Roder A E, Johnson Kee, Knoll M, Khalfan M, Wang B, Schultz-Cherry S, Banakis S, Kreitman A, Mederos C, Youn J-H, Mercado R, Wang W, Ruchnewitz D, Samanovic M I, Mulligan M J, Lassig M, Åuksza M, Das S, Gresham D, Ghedin E
bioRxiv. 2022 Aug 16:2021.05.05.442873. doi: 10.1101/2021.05.05.442873.
High error rates of viral RNA-dependent RNA polymerases lead to diverse intra-host viral populations during infection. Errors made during replication that are not strongly deleterious to the virus can lead to the generation of minority variants. However, accurate detection of minority variants in viral sequence data is complicated by errors introduced during sample preparation and data analysis. We used synthetic RNA controls and simulated data to test seven variant calling tools across a range of allele frequencies and simulated coverages. We show that choice of variant caller, and use of replicate sequencing have the most significant impact on single nucleotide variant (SNV) discovery and demonstrate how both allele frequency and coverage thresholds impact both false discovery and false negative rates. We use these parameters to find minority variants in sequencing data from SARS-CoV-2 clinical specimens and provide guidance for studies of intrahost viral diversity using either single replicate data or data from technical replicates. Our study provides a framework for rigorous assessment of technical factors that impact SNV identification in viral samples and establishes heuristics that will inform and improve future studies of intrahost variation, viral diversity, and viral evolution.
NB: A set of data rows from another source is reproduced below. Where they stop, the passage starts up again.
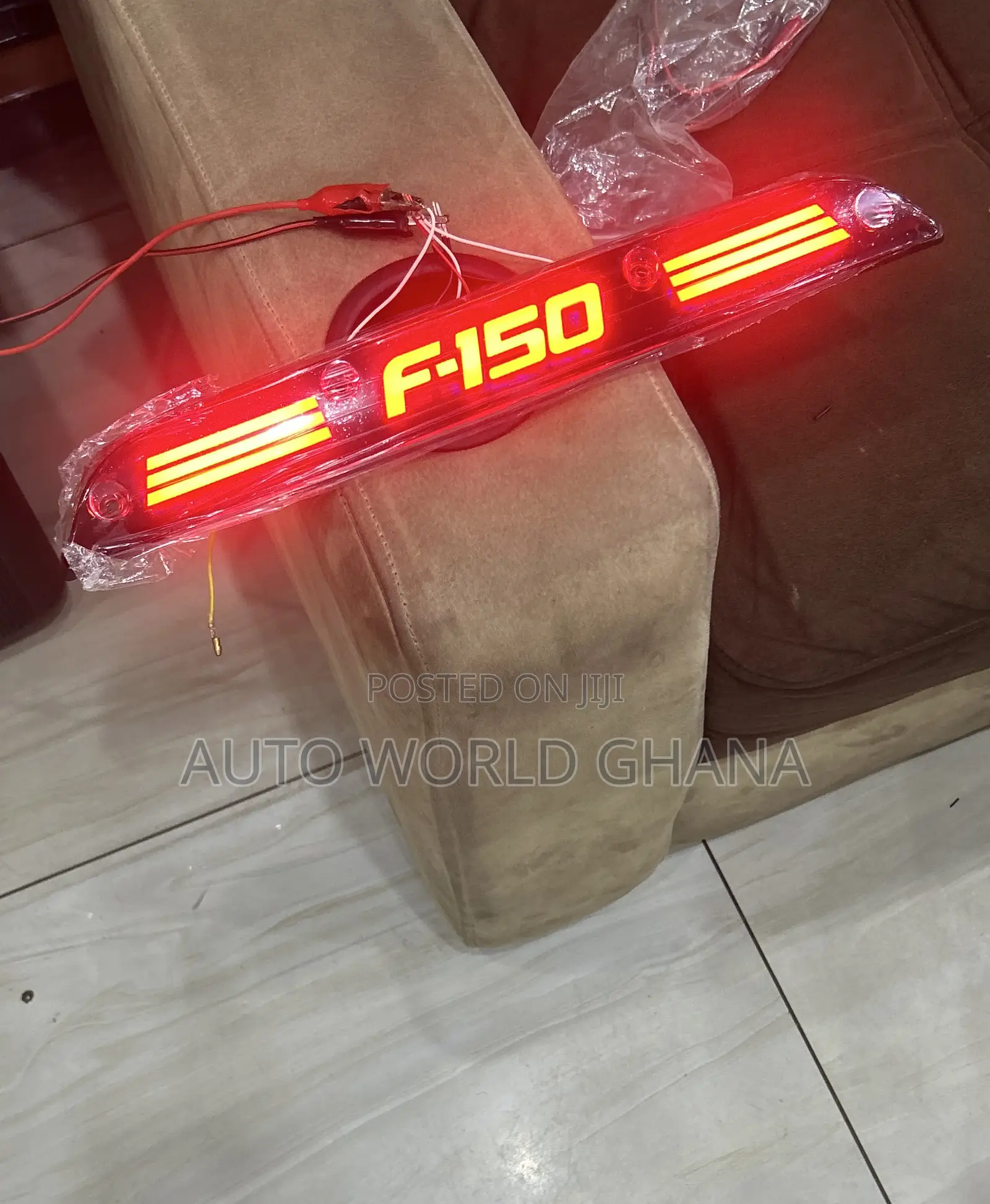 Ford F150 Roof Top Break Light Led 2015 2016 2017 2018 2019 2020 2020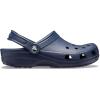 imageCrocs Womens Classic Marbled Tiedye ClogsNavy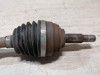 Almera G15 №7 привод левый АКПП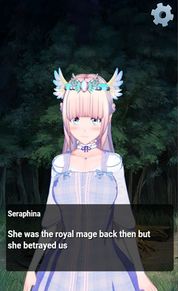 Athevale - Visual Novel - Screenshot 1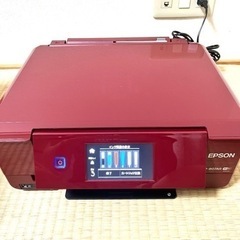 EPSON プリンター　Colorio EP-807AR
When viruses replicate inside a host, the virus replication machinery makes mistakes. Over time, these mistakes create mutations that result in a diverse population of viruses inside the host. Mutations that are neither lethal to the virus, nor strongly beneficial, can lead to minority variants that are minor members of the virus population. However, preparing samples for sequencing can also introduce errors that resemble minority variants, resulting in inclusion of false positive data if not filtered correctly. In this study, we aimed to determine the best methods for identification and quantification of these minority variants by testing the performance of seven commonly used variant calling tools. We used simulated and synthetic data to test their performance against a true set of variants, and then used these studies to inform variant identification in data from clinical SARS-CoV-2 clinical specimens. Together, analyses of our data provide extensive guidance for future studies of viral diversity and evolution.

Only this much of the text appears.